[DATA SEGMENT]
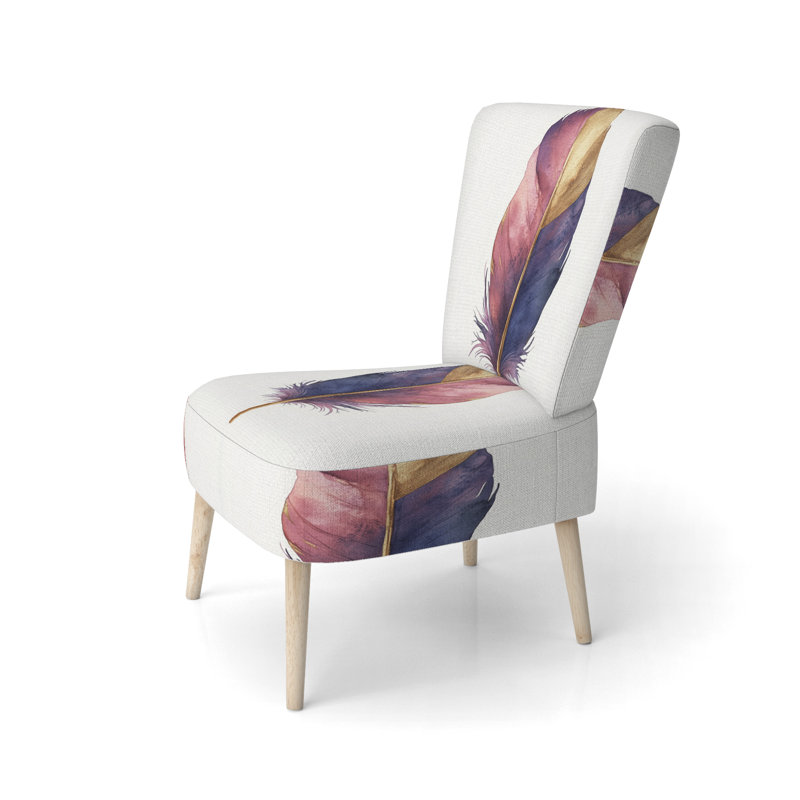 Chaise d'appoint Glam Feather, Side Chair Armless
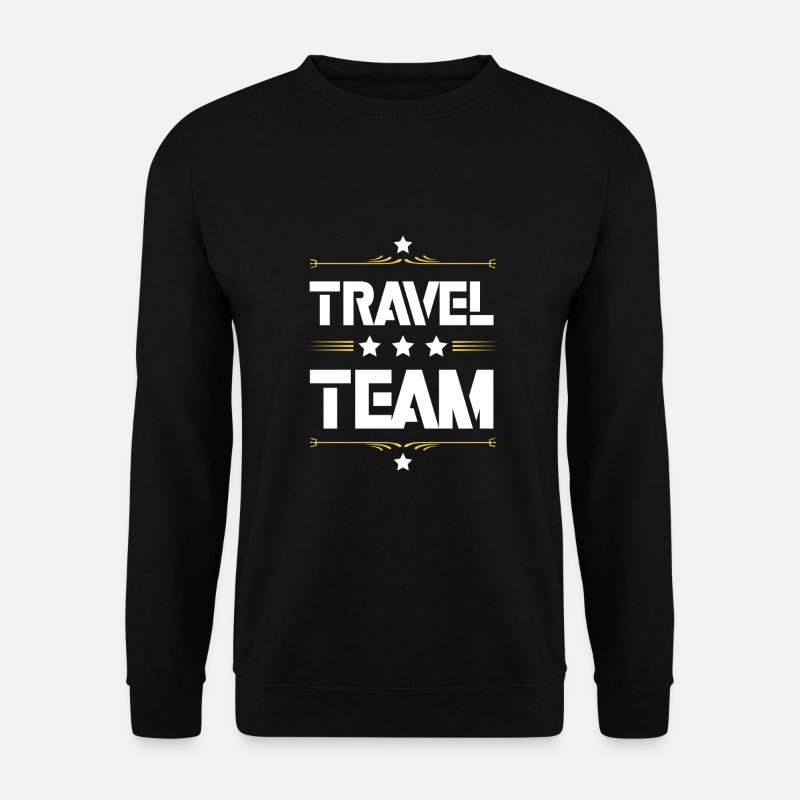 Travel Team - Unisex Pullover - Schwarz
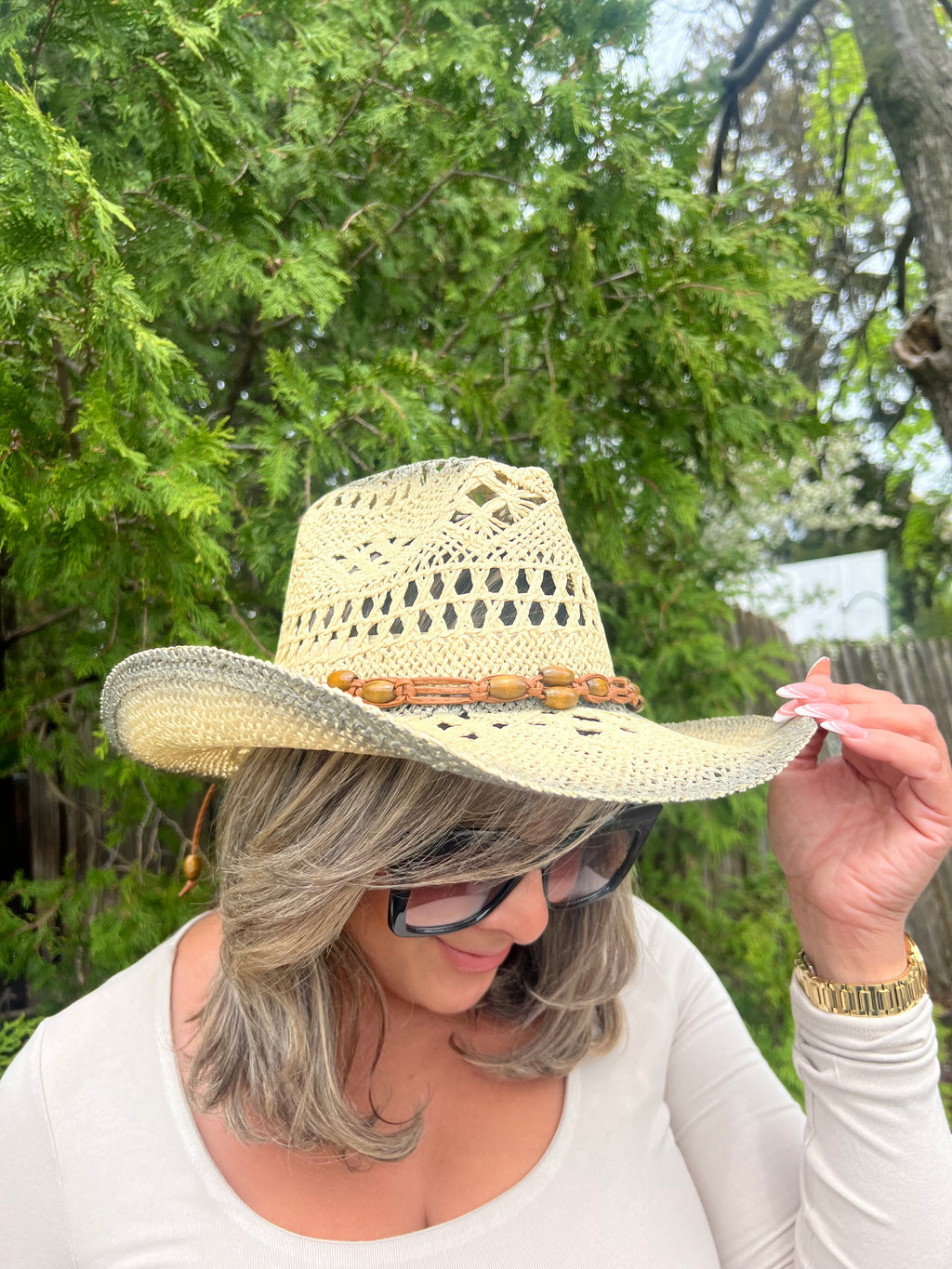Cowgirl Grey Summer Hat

[PROBLEM DESCRIPTION] Pictures aside, please output the whole listing exactly as it appears above.

[WRITTEN RESPONSE]
 Chaise d'appoint Glam Feather, Side Chair Armless
 Travel Team - Unisex Pullover - Schwarz
Cowgirl Grey Summer Hat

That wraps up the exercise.